The stories in Origin Stories range from humorous to poignant, whimsical to earnest, and they are definitely worth a listen. I especially enjoyed the titular 'Origin Story' and 'This Isn't the Actual Sea'. A nice collection of interesting stories.
Ok this is an excellent collection, though I understand her style is not for everyone. I personally love it as a perfect blend of poetic prose. She provides just enough detail to create the contours of the story and characters and leaves you to fill in the rest. This might drive some people crazy but I find it titillating.
Here are some snapshots to provide a sense:
Shifting Occupancies: “Are we ending things, is that it?” He felt a rush of relief, then annoyance that she’d beaten him to it. “I need to.” She shrugged. “There’s really nothing to end.” “This is nothing? I guess it’s true you risked nothing. I didn’t.”
Love not: “But I will say I recognize that you’re going through something. I used to fall in love so easily. I fell in love with someone because of the way he stood up from a chair. It was like his knees unhooked themselves from his body and he floated upward and was ours for the taking, the people in the room, and I had better claim him before anyone else did. I’d’ve never noticed him had he stay seated.”
Origin Story: One spaghetti-stained issue of Harper’s between them, football on TV…The sound of oncoming traffic was her life so far, and the sound of it receding was her life now.
This isn’t the actual Sea: The questions asked by those students who remained were deeply skeptical of the movie’s depiction of the lives of middle-aged women as lives of frustration and anger and shame. You could tell they didn’t think their futures would bear any resemblance to that. Their futures were like stacks of soft folded sweaters in a pretty store with a salesgirl whose hair was cut in a style they would soon see everywhere. Some girls were nearly soothsayers that way.
I tried to figure out what these stories shared in common, or what origins the title alludes to, but I couldn't. The themes that I noticed and found interesting had to do loosely with beauty standards, or with what it is to be a woman. I enjoyed the stories individually, but they blended together, despite their being quite separate. Some were about marriage, some affairs, some parent-child, some friendships; all very nuanced and in-the-head.

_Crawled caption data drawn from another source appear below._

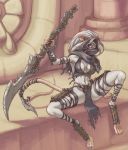 breasts chain digitigrade female furry hair ink-eyes loincloth magic_the_gathering mask ninja polearm rat rodent sitting skimpy solo spread_legs spreading straps tom910 tom910_(artist) unconvincing_armour underwear warrior weapon white
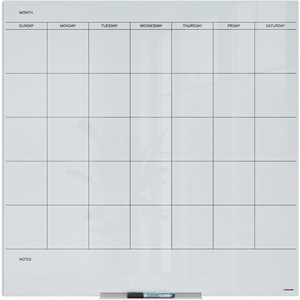 U Brands Glass Dry Erase Calendar for Wall, 36″ x 24″, Frameless Whiteboard Calendar Board for Wall, 3’x2′, Includes Marker and Tray(36″W x 36″H)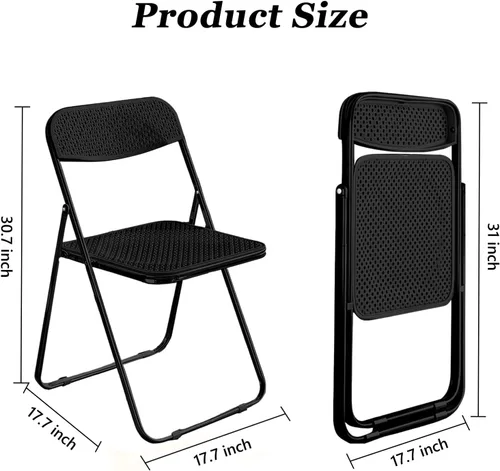 Miniatura 2 de Paquete de 2 sillas plegables de plástico, sillas plegables de plástico, sillas de fiesta portátiles para interiores y exteriores, asientos
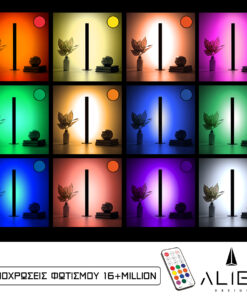 GloboStar® GloboStar® ALIEN-DIVA-BLACK-50-12 ALIEN Design DIVA Μοντέρνο Minimal Nordic Μεταλλικό Φωτιστικό Επιτραπέζιο - Πορτατίφ - Λαμπατέρ Μαύρο LED 10W 1500lm με Ασύρματο Χειριστήριο RF & Dimmer IP20 Πολύχρωμο RGBW + WW Smart Home Wi-Fi Μ3 x Π1.6 x Υ50cm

My favorite was the one I found the funniest, Love Not, about a teenage boy's misguided failure of a crush on a friend of his mom's.
A great line I laughed at was "He thought he might throw up she was so appealing." Especially because of what it was in reference to: "She was wearing sticky orange lipstick and her teeth, misaligned, made a clicking sound like sifting ashes." Then there were others that didn't work for me, like "...she had eaten in those establishments on other streets like these with power lines like wet hair caught in a comb's teeth and black gas station gallon numbers against a white board like a theater marquee advertising the cost of living."
Thank you NetGalley and Highbridge Audio for the ARC of this audiobook for my honest review
This was a very poetic story. Which I didn’t realize when I started so that’s my fault because I just can’t get into poetic writing. It’s overcomplicated and makes you take your own meanings from simple things. I also felt like it felt all over the place but seeing as it was a writing style I didn’t like I couldn’t say if that was the point or not. If you like poetry go ahead but it was a hard read for me.
This collection is a gem. Some real standouts here, esp. Dogwood, This Isn't the Actual Sea, and the title story. But all the stories have surprising bursts of lyricism and strange observations. I hear echoes of Lucia Berlin but the voice seems singular and original. I'd recommend this book to anyone who reads short stories.
Despite the high reviews, I just wasn’t enjoying this book. Felt the stories were dark. A few seemed better, but overall wasn’t into it, quit ½ way through. So the 3 stars is how it affected me - the quality of the writing was not the issue
An excellent collection of stories! Each one is as polished as the last and her voice comes through so strongly! There’s both consistency and range, and I would highly recommend “Shifting Occupancies” and “Love Not”.